## Task instructions:
For this exercise, repeat exactly the lines below starting at the line holding "When drawing your" and ending at the line holding "For first or", both included, with no extra lines and no pictures.

## Source data:
::::::::::
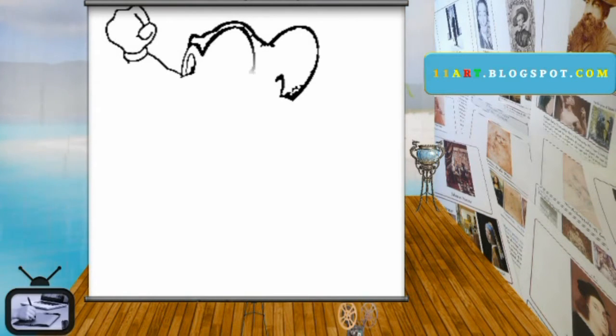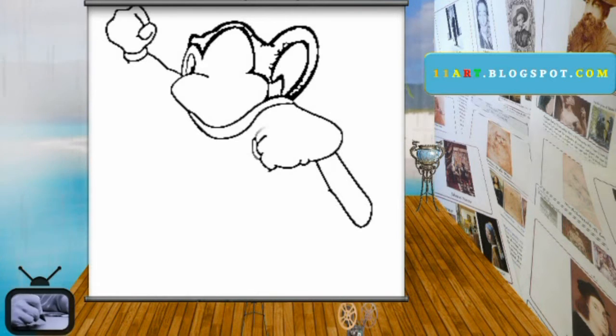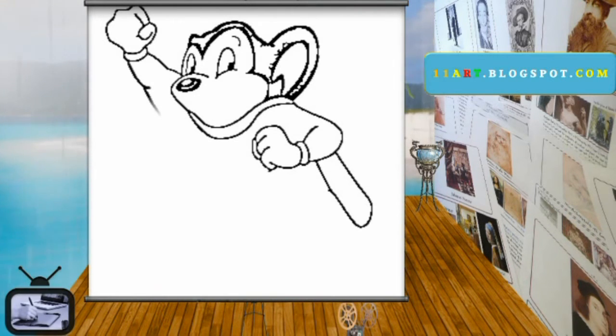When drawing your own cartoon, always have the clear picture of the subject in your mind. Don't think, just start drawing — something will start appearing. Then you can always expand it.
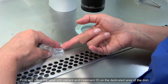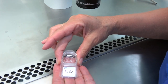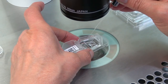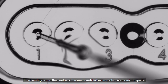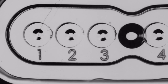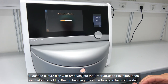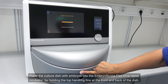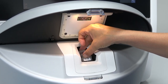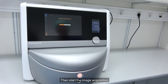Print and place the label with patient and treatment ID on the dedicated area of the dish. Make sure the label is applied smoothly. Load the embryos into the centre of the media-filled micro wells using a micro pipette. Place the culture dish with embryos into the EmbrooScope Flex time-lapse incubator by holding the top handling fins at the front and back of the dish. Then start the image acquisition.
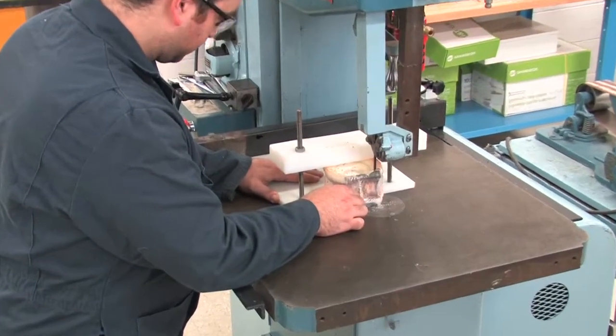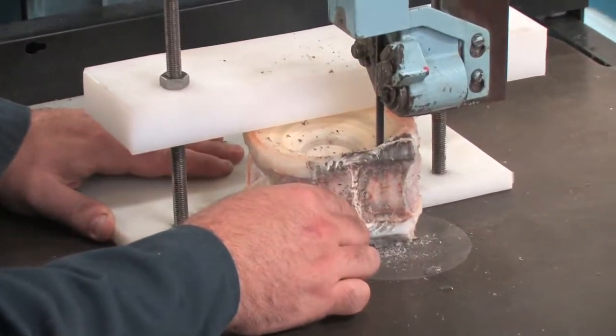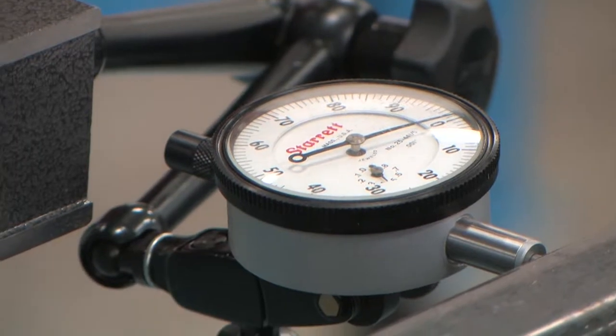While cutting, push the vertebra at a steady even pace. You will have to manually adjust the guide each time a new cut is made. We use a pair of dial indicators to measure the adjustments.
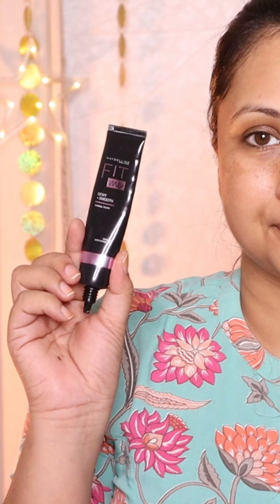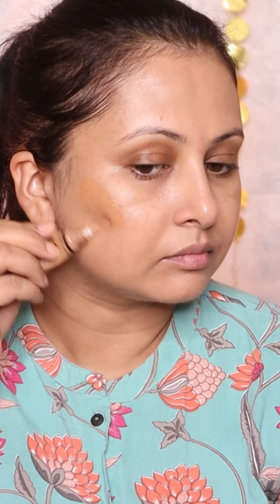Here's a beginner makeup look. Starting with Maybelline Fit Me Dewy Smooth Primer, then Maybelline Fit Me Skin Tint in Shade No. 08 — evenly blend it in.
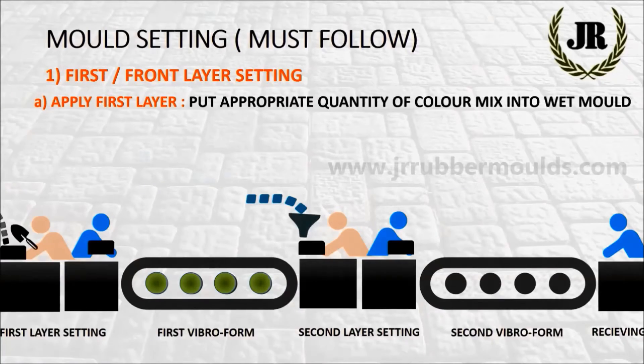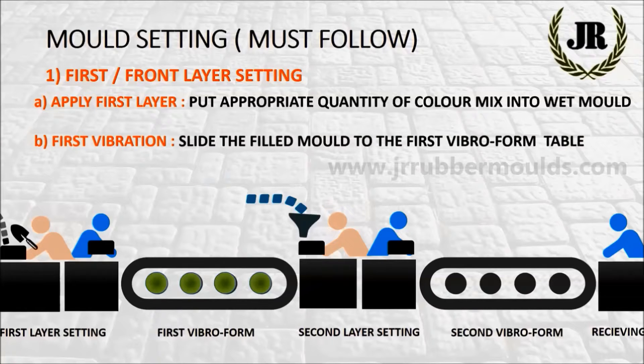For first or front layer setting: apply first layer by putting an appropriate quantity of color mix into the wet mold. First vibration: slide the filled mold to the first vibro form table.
::::::::::
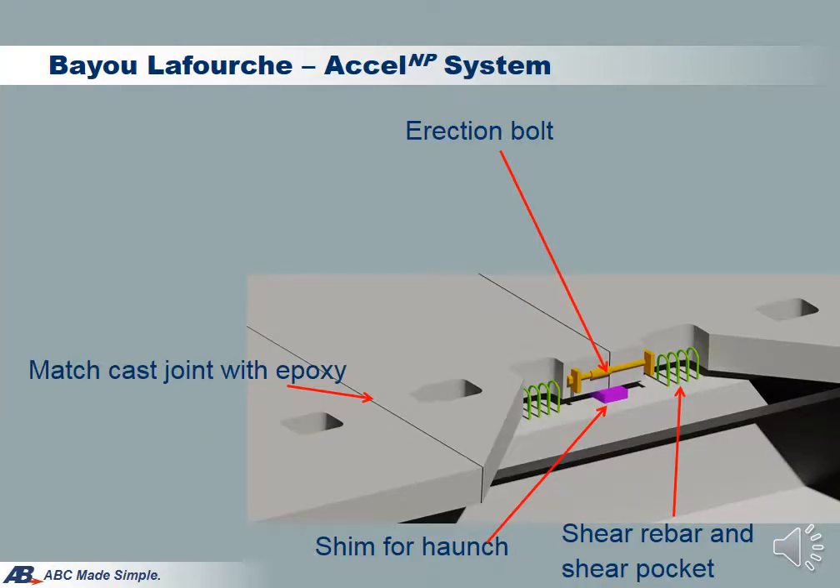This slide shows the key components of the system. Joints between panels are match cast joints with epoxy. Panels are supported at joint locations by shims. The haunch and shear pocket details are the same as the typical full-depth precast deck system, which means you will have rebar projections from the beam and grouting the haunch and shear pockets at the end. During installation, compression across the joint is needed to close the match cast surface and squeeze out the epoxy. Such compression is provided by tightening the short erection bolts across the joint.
::::::::::
## Result for this exercise:
When drawing your own cartoon, always have the clear picture of the subject in your mind. Don't think, just start drawing — something will start appearing. Then you can always expand it.
Print and place the label with patient and treatment ID on the dedicated area of the dish. Make sure the label is applied smoothly. Load the embryos into the centre of the media-filled micro wells using a micro pipette. Place the culture dish with embryos into the EmbrooScope Flex time-lapse incubator by holding the top handling fins at the front and back of the dish. Then start the image acquisition.
While cutting, push the vertebra at a steady even pace. You will have to manually adjust the guide each time a new cut is made. We use a pair of dial indicators to measure the adjustments.
Here's a beginner makeup look. Starting with Maybelline Fit Me Dewy Smooth Primer, then Maybelline Fit Me Skin Tint in Shade No. 08 — evenly blend it in.
For first or front layer setting: apply first layer by putting an appropriate quantity of color mix into the wet mold. First vibration: slide the filled mold to the first vibro form table.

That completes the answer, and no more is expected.